= Risa Ohki =

Japanese singer

Risa Ohki (大木 理紗, Ōki Risa) is a Japanese vocalist, most famously featured on Final Fantasy: Pray and Final Fantasy: Love Will Grow albums.

== Career ==
She sings in at least five languages: Japanese (her primary language), English, French, Brazilian Portuguese, and Italian (on Genso Suikoden Vocal album "La passione commuove la Storia").

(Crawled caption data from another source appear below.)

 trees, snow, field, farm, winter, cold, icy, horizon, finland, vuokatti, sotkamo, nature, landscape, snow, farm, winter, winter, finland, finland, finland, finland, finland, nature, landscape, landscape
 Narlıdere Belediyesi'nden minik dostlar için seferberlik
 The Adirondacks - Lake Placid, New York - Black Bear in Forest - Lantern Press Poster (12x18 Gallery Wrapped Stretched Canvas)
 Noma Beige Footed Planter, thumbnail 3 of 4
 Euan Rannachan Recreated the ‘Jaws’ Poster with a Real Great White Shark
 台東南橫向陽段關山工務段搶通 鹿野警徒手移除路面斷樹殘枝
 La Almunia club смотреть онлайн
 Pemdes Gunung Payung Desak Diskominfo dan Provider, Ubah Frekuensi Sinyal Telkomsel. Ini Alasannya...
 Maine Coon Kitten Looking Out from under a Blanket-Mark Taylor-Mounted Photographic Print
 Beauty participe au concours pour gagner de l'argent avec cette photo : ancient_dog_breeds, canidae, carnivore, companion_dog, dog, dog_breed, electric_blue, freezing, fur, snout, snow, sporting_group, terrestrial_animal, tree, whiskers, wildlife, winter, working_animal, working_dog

She also sang an image song for Sailor Uranus from Sailor Moon, which was called "Initial U". However, Ohki was not the voice actress for the character, and she was instead filling in for Megumi Ogata. There are conflicting reports as to why Ogata did not record the song, ranging from her being busy with her role as Shinji Ikari in Neon Genesis Evangelion, to her refusing to record the song outright due to being displeased with the lyrics, though the real reason remains unconfirmed—nevertheless, Ogata released an original song titled "風になる" (Kaze ni Naru, Becoming the Wind) on her album MO after "Initial U" released, which is seen as her own version of the song, but is unaffiliated with Sailor Moon.

She sang as part of a six-member backing choir for the song "At the Gala" in the Japanese dub of My Little Pony: Friendship Is Magic, and voiced the mother of Whale in the Japanese dub of Magic Adventures of Mumfie.